§ Problem details
Take from the entries below the stretch from the line with "Circumferential Body Lift Before" through the line with "[upl. by Noval]", and return it exactly, leaving the pictures out.

§ Provided data
____
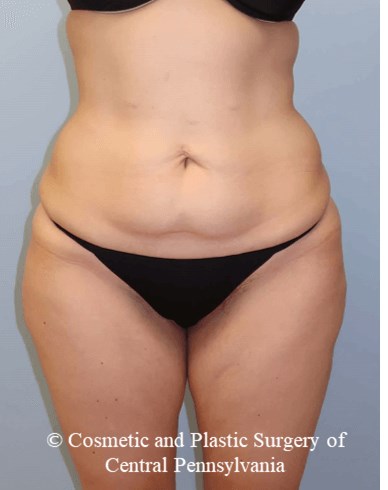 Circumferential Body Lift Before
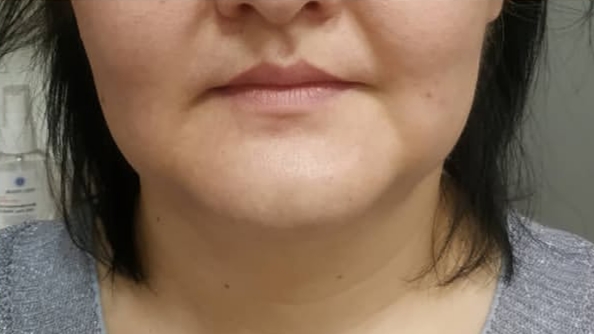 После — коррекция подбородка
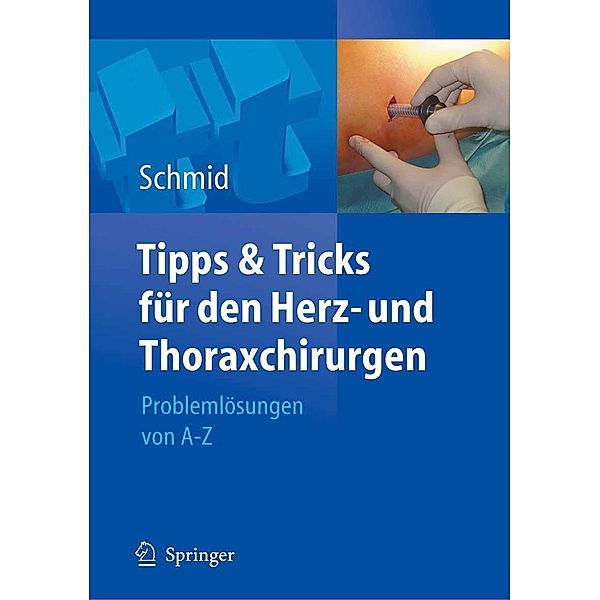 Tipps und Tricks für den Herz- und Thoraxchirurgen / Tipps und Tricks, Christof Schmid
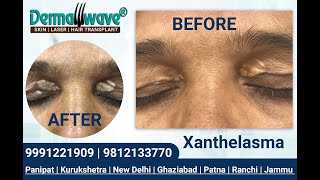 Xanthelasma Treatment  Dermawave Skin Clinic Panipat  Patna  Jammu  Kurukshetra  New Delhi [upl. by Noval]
____
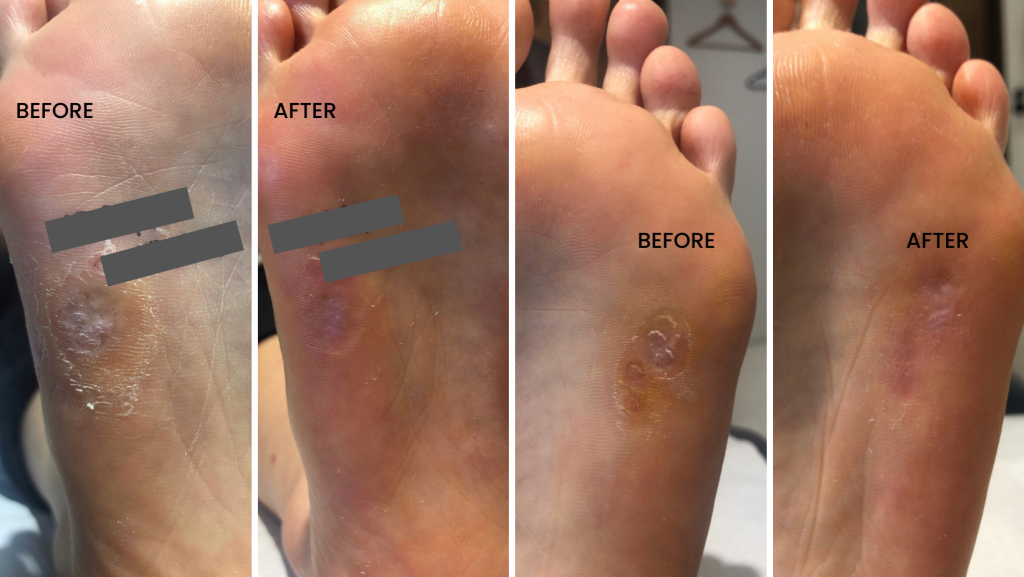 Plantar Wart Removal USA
____
§ Solution to this task
 Circumferential Body Lift Before
 После — коррекция подбородка
 Tipps und Tricks für den Herz- und Thoraxchirurgen / Tipps und Tricks, Christof Schmid
 Xanthelasma Treatment  Dermawave Skin Clinic Panipat  Patna  Jammu  Kurukshetra  New Delhi [upl. by Noval]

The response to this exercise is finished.